那人脸色一沉,自然也听出了她话里的讽刺。

“我的乾坤是不是袖口我不知道,不过你的命数今日却是真到了头。”

他掐着诀,又要再次蓄集千万竹剑。

“刚才那一下苍生棋余留的灵力已耗尽,你的修为根本无法再驱使它。这一击,我倒要看看还有谁护得了你!”

白茶感觉到那逼仄的威压再一次压制了过来,眼看着竹剑快要刺入她的血肉,她连忙说道。

“等一下!你当真不想要这苍生棋吗?”

果不其然,她此话刚说出口,前一秒还气势汹汹的攻势猛地顿住。

“夺舍我的身体自是不需要管我生死,可这苍生棋不成。无论它是真的易了主,还是单纯因为玄灵子认可了我,如今玄灵子已身消道陨,这也就意味着天地间能解开它禁制的只有我。”

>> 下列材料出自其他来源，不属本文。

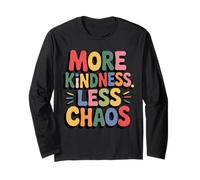 More Kindness Less Chaos Kids Boys Positive Saying Be Kind Long Sleeve T-Shirt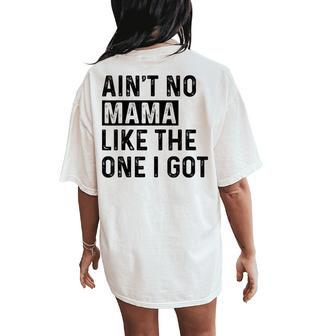 Ain't No Mama Like The One I Got Family Reunion Mom Women's Oversized Comfort T-Shirt Back Print - Seseable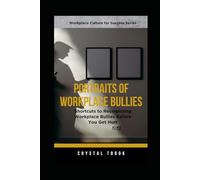 Portraits of Workplace Bullies: Shortcuts to Recognizing Workplace Bullies Before You Get Hurt (Workplace Culture for Success Series)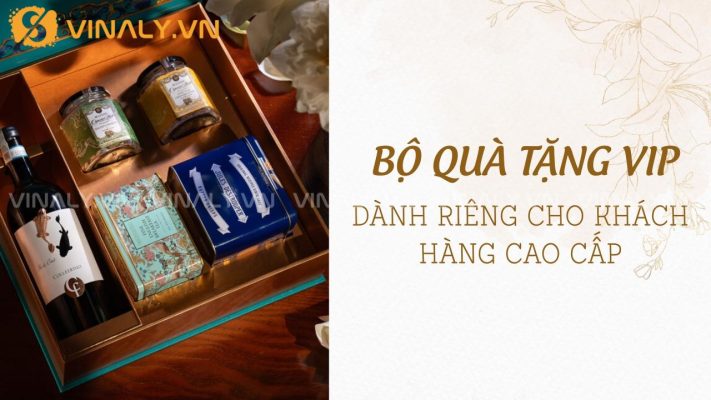 Bộ quà tặng VIP – Dành riêng cho khách hàng cao cấp 35 bộ quà tặng VIP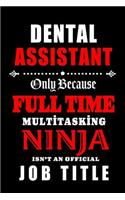 Dental Assistant-Only Because Full Time Multitasking Ninja Isn't An Official Job Title: Blank Lined Journal/Notebook as Cute, Funny, Appreciation day, birthday, Thanksgiving, Christmas Gift for Office Coworkers, colleagues, friends & fa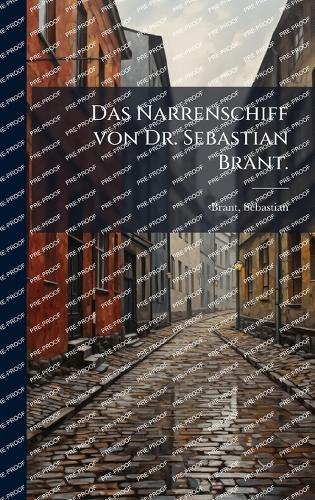 Das Narrenschiff von Dr. Sebastian Brant.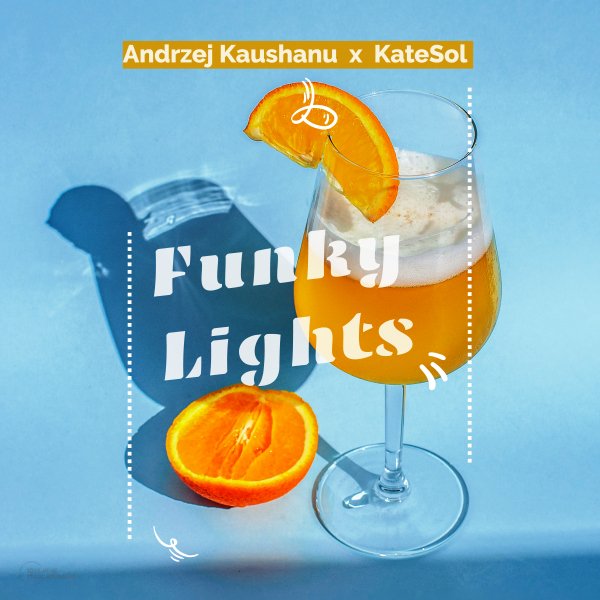 Andrzej Kaushanu x KateSol - Funky Lights (Melodic Mix)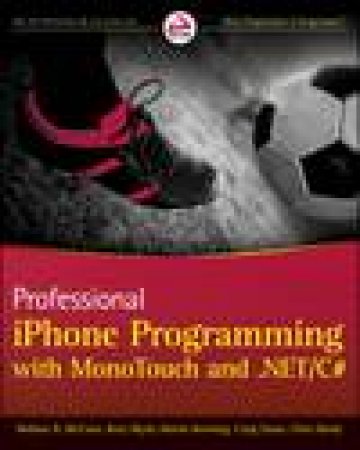 Professional iPhone Programming with Monotouch and .Net/C# by Various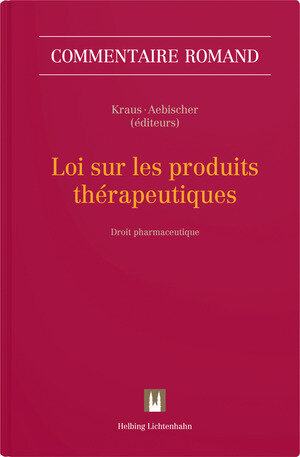 Buchcover Loi sur les produits thérapeutiques | Gilles Aebischer | EAN 9783719041830 | ISBN 3-7190-4183-2 | ISBN 978-3-7190-4183-0
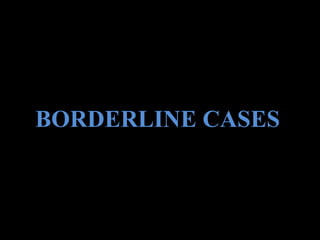 BORDERLINE CASES 
 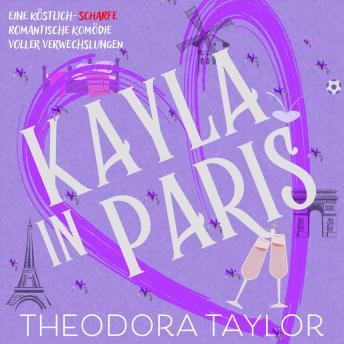 [German] - Kayla In Paris: Eine köstlich-scharfe romantische Komödie voller Verwechslungen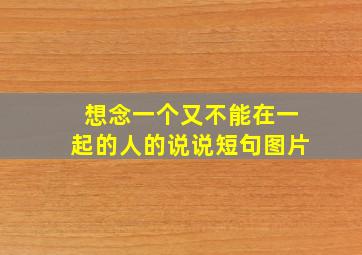 想念一个又不能在一起的人的说说短句图片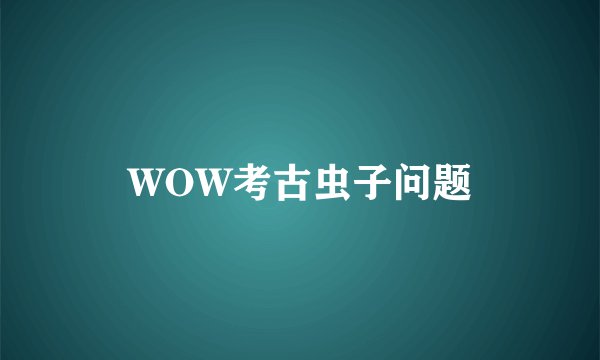 WOW考古虫子问题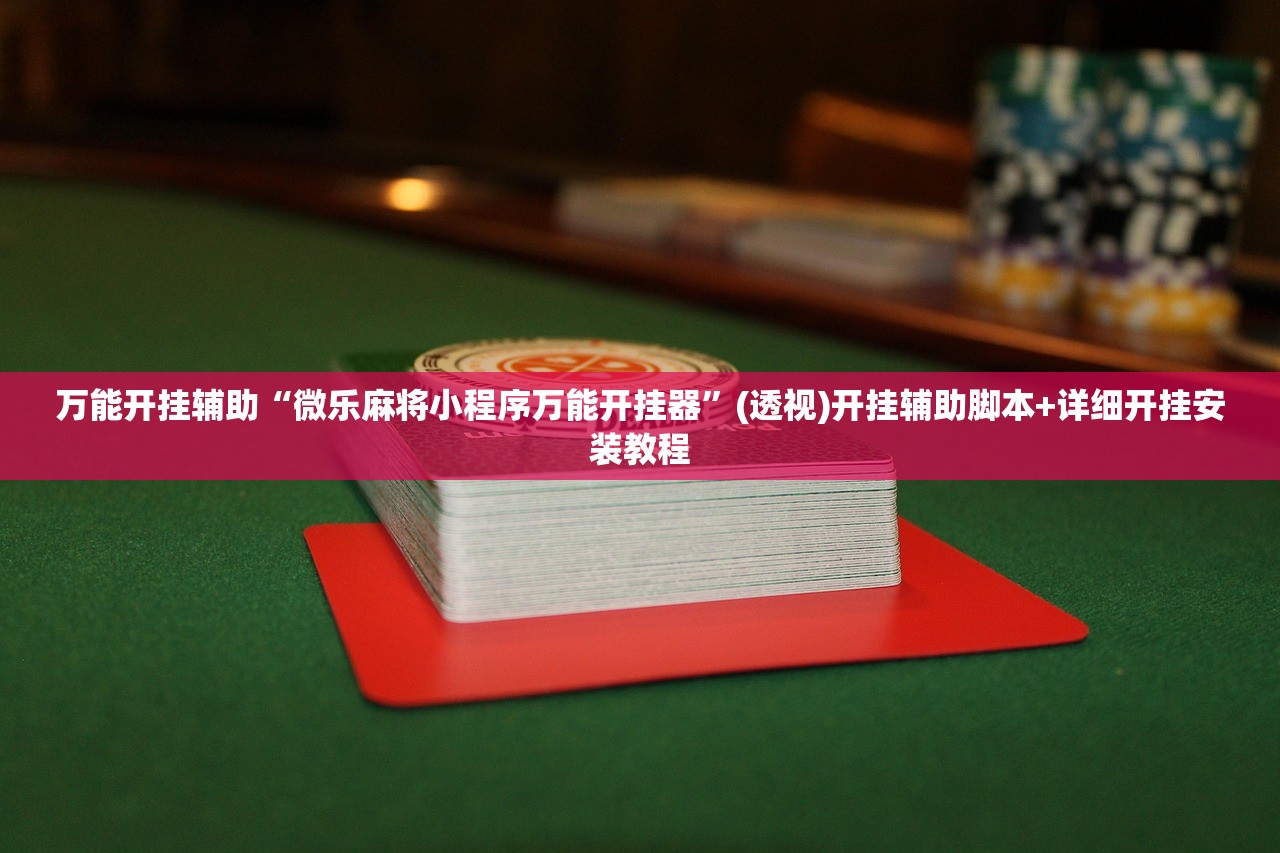 万能开挂辅助“微乐麻将小程序万能开挂器”(透视)开挂辅助脚本+详细开挂安装教程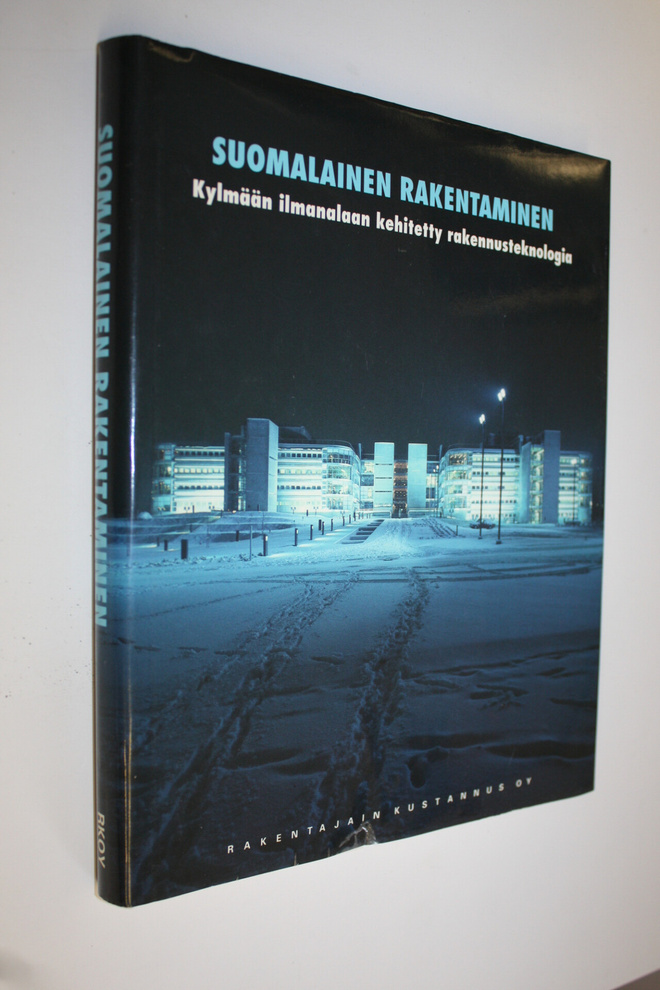 Juhani Keppo : Suomalainen rakentaminen : kylmään ilmanal...
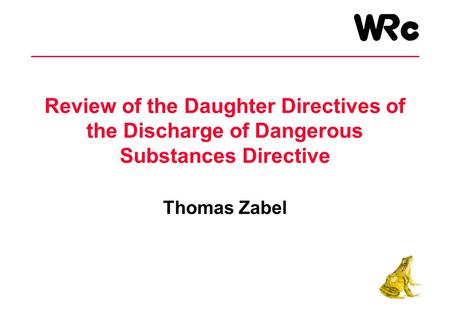 Review of the Daughter Directives of the Discharge of Dangerous Substances Directive Thomas Zabel.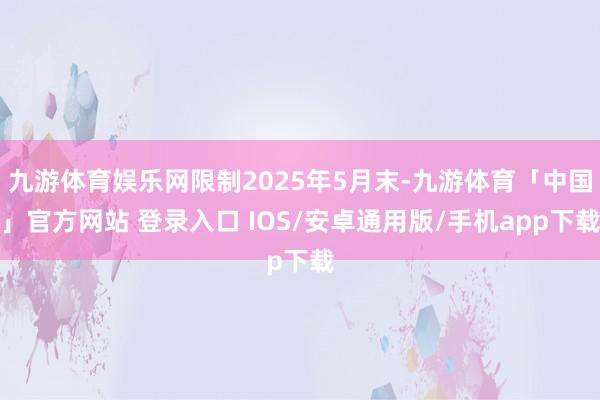 九游体育娱乐网限制2025年5月末-九游体育「中国」官方网站 登录入口 IOS/安卓通用版/手机app下载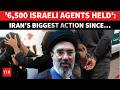 ’6,500 Israeli Agents CAPTURED’: Iran’s MOST DREADFUL Action Amid Heightened Tensions With US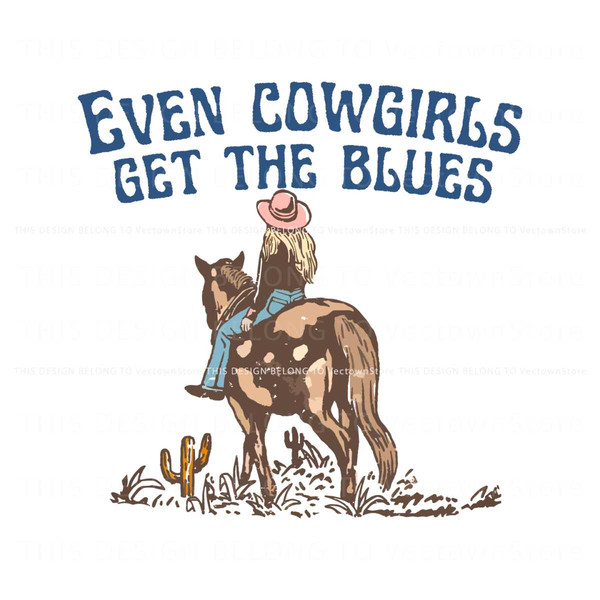 Country Music Even Cowgirls Get The Blues SVG Digital File.jpg
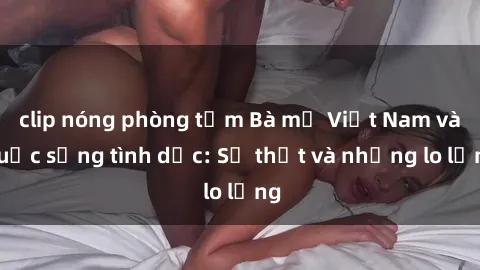 clip nóng phòng tắm Bà mẹ Việt Nam và cuộc sống tình dục: Sự thật và những lo lắng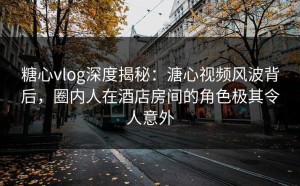 糖心vlog深度揭秘：溏心视频风波背后，圈内人在酒店房间的角色极其令人意外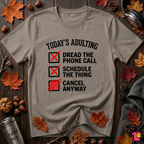 Today's Adulting -- Cancel Anyway sarcastic t-shirt in Asphalt by Snarky Sarks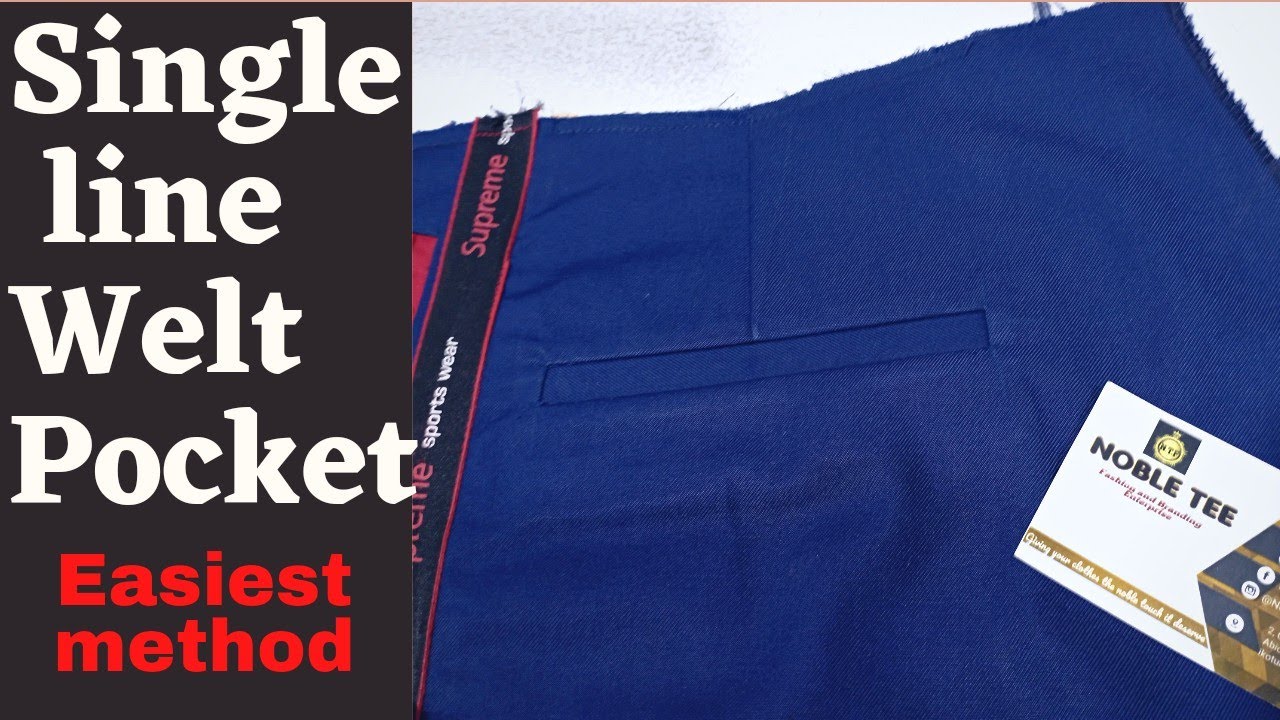 HOW TO SEW SINGLE LINE WELT POCKET ||easiest method with 3 important tips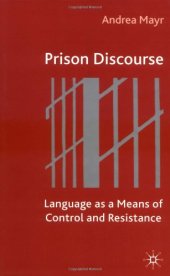 book Prison Discourse: Language as a Means of Control and Resistance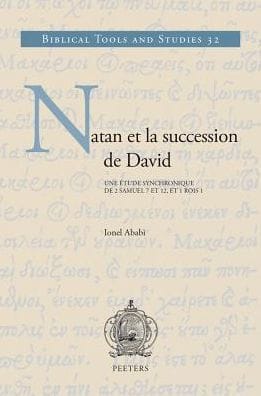 Natan et la succession de David: Une etude synchronique de 2 Samuel 7 et 12 et 1 Rois 1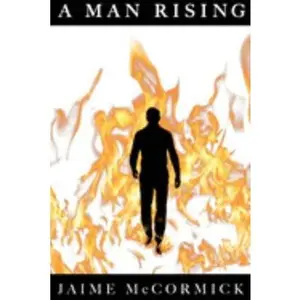 USED-A Man Rising by McCormick, Jaime (Paperback)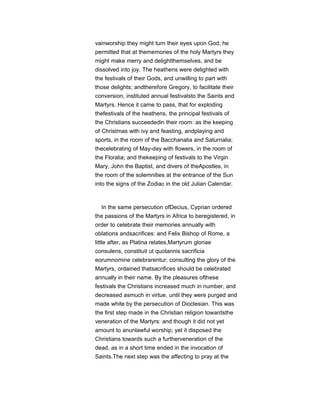 vainworship they might turn their eyes upon God; he
permitted that at thememories of the holy Martyrs they
might make merry and delightthemselves, and be
dissolved into joy. The heathens were delighted with
the festivals of their Gods, and unwilling to part with
those delights; andtherefore Gregory, to facilitate their
conversion, instituted annual festivalsto the Saints and
Martyrs. Hence it came to pass, that for exploding
thefestivals of the heathens, the principal festivals of
the Christians succeededin their room: as the keeping
of Christmas with ivy and feasting, andplaying and
sports, in the room of the Bacchanalia and Saturnalia;
thecelebrating of May-day with flowers, in the room of
the Floralia; and thekeeping of festivals to the Virgin
Mary, John the Baptist, and divers of theApostles, in
the room of the solemnities at the entrance of the Sun
into the signs of the Zodiac in the old Julian Calendar.
In the same persecution ofDecius, Cyprian ordered
the passions of the Martyrs in Africa to beregistered, in
order to celebrate their memories annually with
oblations andsacrifices: and Felix Bishop of Rome, a
little after, as Platina relates,Martyrum gloriae
consulens, constituit ut quotannis sacrificia
eorumnomine celebrarentur; consulting the glory of the
Martyrs, ordained thatsacrifices should be celebrated
annually in their name. By the pleasures ofthese
festivals the Christians increased much in number, and
decreased asmuch in virtue, until they were purged and
made white by the persecution of Dioclesian. This was
the first step made in the Christian religion towardsthe
veneration of the Martyrs: and though it did not yet
amount to anunlawful worship; yet it disposed the
Christians towards such a furtherveneration of the
dead, as in a short time ended in the invocation of
Saints.The next step was the affecting to pray at the
 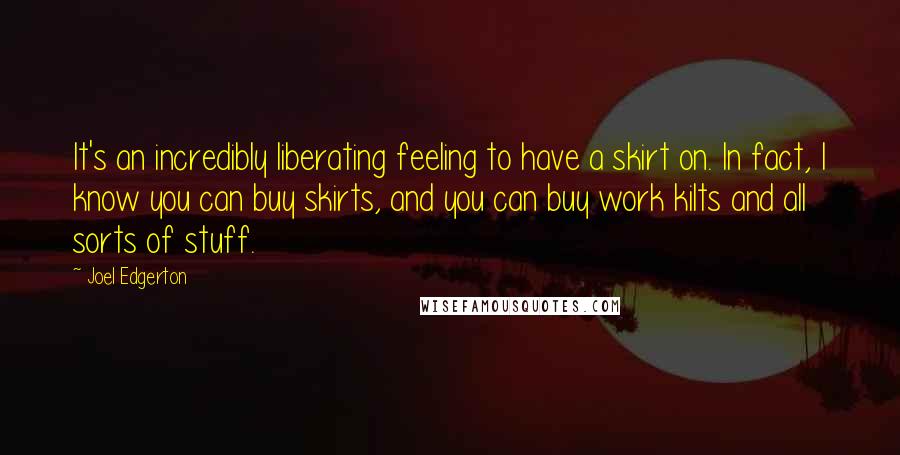 Joel Edgerton Quotes: It's an incredibly liberating feeling to have a skirt on. In fact, I know you can buy skirts, and you can buy work kilts and all sorts of stuff.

她一边说着一边留意着眼前人的反应,他神情微凝,视线直勾勾落在了那枚白玉棋子上。

这枚神品法器于法修来说诱惑太大,比起那把天斩,这才是他真正所求。

只是这是玄灵子的本命法器,没有他的许可他甚至连碰也碰不到它分毫。

可若是解开禁制就不一样了,只要白茶将其禁制解开了,哪怕它没有择他为主,他也能慢慢炼化它,让它成为自己的法器。

尽管不能结本命契,却也能发挥六七分的威力。

别的法器六七分或者如同鸡肋,可近太虚大能的本命法器,六七分足以撼天动地,扭转乾坤。

他掐诀的动作未收,却没再蓄灵力。

白茶微微颔首,脸色苍白,好似真的怕了他手中竹剑才情急之下选择了以苍生棋做交易。

实际上她只是想要拖延时间,一柱香的时间并不算长,但也不短。

对于一个破丹修者来说,要杀死她如同踩死一只蚂蚁一样简单。

“我可以答应你,一会用你的躯体取剑斩断你和沈天昭的因果后留你一命,不过我会废了你的根骨,让你再无修道结缘的可能。”

可要是断了根骨,白茶和沈天昭就是仙凡两隔,再不可能续上联系。

对于玄灵子会将苍生棋给白茶一事心中颇有怨气。

他五百年前就跟在玄灵子身边随他调遣,原以为这苍生棋就算不给他,也会允许他碰触。

想到这里,他突然不那么想这么轻易就让白茶得逞。

“对了,我记起来了。我现在占着的这具身体你似乎也挺在意的,你应该也不想他死吧?”

白茶一顿,“你想说什么直说便是,用不着这么拐弯抹角。”

“没什么,我只是想着之前在竹林时候未看到能动摇你道心之物,有些好奇罢了。”

他指尖微动,那竹剑窸窸窣窣退回,然后萦绕在白茶四周,再一次覆上一片混沌。

“小姑娘,你若是还能破我一次幻境,我便把这具身体完璧归赵,你看如何?”

白茶之前时候她就在想要如何才能保住青雲性命,被夺舍之人意识被完全压制,很少有能自我清醒的可能。

如果对方不主动出窍离体,青雲不可能清醒,就算离开了他若不收回神识青雲的识海会被搅动得一塌糊涂,轻则痴呆,重则昏迷不醒,也就是植物人。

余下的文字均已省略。